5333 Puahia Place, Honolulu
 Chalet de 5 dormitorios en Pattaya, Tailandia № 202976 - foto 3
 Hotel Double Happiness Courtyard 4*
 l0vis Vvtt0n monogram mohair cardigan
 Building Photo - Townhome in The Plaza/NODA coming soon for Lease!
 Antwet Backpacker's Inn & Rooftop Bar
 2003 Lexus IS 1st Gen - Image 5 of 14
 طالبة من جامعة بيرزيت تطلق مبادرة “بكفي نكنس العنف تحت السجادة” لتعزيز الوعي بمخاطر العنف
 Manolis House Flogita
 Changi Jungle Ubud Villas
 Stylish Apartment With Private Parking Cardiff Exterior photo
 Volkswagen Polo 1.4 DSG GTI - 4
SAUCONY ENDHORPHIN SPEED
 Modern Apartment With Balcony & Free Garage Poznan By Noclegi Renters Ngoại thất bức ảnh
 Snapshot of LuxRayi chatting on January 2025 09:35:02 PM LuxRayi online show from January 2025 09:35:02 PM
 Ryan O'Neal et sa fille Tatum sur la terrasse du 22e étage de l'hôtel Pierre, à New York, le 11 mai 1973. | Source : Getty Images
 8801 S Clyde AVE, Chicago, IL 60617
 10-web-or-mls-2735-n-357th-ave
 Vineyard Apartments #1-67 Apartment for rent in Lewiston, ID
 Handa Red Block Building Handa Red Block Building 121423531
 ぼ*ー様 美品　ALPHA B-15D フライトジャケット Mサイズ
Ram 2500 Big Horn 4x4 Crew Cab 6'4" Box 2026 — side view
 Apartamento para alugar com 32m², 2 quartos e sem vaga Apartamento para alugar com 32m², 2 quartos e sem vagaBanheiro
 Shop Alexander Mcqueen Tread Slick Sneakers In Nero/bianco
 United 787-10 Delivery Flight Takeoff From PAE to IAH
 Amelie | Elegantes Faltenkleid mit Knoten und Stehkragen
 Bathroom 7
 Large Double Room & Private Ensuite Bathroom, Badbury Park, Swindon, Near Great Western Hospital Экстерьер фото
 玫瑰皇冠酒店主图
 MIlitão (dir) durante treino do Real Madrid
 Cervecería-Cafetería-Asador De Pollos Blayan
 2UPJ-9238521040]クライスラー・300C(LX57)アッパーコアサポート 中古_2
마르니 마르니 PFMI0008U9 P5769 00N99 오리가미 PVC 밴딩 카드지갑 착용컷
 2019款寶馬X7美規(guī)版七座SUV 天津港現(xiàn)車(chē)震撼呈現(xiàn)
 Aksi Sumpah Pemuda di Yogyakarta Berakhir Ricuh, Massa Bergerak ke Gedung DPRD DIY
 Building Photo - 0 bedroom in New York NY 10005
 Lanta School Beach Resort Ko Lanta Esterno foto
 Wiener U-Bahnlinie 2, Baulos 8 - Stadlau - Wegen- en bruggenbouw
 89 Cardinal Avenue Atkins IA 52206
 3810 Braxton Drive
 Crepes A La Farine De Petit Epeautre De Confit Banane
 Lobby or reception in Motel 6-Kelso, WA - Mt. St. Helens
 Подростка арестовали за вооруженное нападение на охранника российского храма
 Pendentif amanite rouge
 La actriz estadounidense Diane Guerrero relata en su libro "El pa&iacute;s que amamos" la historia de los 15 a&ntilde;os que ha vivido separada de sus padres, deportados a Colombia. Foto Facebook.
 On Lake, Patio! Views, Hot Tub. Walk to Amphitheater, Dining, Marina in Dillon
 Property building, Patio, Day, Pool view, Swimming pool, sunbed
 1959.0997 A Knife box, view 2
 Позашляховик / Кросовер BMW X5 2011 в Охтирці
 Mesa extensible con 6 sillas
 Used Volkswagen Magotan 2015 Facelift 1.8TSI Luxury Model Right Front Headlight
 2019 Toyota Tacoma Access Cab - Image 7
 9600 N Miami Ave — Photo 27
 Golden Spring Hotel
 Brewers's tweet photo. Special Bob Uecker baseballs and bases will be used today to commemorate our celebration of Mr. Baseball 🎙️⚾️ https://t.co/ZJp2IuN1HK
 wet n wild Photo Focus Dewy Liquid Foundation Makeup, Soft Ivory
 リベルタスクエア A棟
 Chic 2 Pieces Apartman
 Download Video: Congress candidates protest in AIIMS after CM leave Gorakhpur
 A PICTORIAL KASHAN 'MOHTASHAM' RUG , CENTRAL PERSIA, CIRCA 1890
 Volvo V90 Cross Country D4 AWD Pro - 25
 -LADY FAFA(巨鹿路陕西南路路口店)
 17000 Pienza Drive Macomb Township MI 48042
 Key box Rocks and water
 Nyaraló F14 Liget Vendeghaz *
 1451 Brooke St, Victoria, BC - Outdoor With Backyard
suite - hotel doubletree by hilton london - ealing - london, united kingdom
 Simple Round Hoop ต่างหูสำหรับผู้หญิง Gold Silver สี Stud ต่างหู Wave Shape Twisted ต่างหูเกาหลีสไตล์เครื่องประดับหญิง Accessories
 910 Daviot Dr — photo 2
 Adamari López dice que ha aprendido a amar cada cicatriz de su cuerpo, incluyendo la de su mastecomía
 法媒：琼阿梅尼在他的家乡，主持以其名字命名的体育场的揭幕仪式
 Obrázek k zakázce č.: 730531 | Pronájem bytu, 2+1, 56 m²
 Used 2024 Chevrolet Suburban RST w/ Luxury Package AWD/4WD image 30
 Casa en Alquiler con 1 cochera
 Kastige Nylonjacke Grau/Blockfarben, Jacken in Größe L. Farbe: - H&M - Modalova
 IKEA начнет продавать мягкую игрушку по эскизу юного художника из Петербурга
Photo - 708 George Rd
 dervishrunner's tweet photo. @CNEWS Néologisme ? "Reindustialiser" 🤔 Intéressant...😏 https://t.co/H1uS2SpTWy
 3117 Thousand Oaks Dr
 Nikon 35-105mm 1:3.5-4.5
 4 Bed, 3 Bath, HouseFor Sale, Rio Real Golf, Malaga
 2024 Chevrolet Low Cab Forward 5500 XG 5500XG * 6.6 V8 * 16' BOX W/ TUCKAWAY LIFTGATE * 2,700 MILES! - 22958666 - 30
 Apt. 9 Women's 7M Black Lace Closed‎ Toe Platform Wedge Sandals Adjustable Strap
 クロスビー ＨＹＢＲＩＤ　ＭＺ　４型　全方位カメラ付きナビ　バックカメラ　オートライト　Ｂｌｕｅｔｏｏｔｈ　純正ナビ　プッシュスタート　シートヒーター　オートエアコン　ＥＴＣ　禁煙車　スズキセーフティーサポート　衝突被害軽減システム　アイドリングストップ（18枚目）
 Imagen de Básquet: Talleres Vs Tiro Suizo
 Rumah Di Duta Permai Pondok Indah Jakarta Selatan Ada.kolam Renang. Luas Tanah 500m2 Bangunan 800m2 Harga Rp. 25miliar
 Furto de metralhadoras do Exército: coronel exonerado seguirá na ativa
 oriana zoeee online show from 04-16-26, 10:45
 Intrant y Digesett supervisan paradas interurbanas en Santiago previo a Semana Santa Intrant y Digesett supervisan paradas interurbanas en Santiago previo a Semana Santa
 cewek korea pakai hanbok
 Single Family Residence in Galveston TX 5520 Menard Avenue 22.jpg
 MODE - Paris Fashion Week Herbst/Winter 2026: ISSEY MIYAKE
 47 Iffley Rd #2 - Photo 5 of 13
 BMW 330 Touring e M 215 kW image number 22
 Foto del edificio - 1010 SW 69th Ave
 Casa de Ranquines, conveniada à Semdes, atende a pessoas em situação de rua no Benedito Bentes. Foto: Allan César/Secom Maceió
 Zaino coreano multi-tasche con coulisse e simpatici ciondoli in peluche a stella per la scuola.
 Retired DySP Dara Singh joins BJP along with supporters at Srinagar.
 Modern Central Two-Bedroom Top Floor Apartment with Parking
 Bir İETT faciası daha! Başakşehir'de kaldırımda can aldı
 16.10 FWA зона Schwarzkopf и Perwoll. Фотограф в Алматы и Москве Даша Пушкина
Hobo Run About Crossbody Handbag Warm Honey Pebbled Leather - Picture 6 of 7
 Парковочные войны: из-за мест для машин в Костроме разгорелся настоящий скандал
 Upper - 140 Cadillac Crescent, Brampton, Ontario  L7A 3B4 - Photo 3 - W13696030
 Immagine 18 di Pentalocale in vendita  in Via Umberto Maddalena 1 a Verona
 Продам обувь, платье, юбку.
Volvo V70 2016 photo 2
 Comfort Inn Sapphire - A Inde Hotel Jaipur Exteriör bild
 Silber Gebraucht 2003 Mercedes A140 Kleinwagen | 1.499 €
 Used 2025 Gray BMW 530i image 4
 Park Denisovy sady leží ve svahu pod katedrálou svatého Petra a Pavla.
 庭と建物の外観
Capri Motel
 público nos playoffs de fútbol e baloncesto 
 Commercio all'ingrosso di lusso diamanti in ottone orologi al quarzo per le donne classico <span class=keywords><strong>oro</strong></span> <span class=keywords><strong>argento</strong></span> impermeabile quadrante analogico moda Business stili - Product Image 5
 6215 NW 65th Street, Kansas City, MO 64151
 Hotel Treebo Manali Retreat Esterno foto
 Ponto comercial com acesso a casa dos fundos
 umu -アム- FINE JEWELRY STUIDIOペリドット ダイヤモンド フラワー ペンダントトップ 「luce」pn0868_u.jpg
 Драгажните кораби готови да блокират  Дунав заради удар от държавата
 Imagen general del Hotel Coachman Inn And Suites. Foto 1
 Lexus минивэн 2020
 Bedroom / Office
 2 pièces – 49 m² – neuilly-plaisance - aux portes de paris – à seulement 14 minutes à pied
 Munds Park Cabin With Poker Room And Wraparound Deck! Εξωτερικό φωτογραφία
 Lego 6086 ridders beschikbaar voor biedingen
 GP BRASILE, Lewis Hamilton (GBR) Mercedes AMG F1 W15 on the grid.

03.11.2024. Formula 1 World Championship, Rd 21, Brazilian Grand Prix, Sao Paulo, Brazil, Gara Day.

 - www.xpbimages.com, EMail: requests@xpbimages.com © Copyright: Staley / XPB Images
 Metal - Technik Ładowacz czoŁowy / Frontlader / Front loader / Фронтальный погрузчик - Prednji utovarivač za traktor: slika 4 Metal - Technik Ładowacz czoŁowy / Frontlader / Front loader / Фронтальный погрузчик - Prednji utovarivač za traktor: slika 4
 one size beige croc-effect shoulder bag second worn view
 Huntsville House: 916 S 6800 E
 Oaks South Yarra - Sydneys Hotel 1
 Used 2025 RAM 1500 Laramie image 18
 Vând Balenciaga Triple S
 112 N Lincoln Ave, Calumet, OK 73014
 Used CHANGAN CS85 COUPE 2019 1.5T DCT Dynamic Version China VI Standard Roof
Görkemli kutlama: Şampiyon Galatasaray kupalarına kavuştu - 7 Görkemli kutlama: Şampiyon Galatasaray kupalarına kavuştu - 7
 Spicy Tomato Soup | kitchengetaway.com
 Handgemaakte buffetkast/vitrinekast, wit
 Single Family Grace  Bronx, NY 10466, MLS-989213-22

────────

Goal of the exercise:
Could you reproduce, exactly, every line above from the line with "Property building, Patio, Day, Pool" to the line with "Used Volkswagen Magotan", and no other line? Both ends count.

Task response:
 Property building, Patio, Day, Pool view, Swimming pool, sunbed
 1959.0997 A Knife box, view 2
 Позашляховик / Кросовер BMW X5 2011 в Охтирці
 Mesa extensible con 6 sillas
 Used Volkswagen Magotan 2015 Facelift 1.8TSI Luxury Model Right Front Headlight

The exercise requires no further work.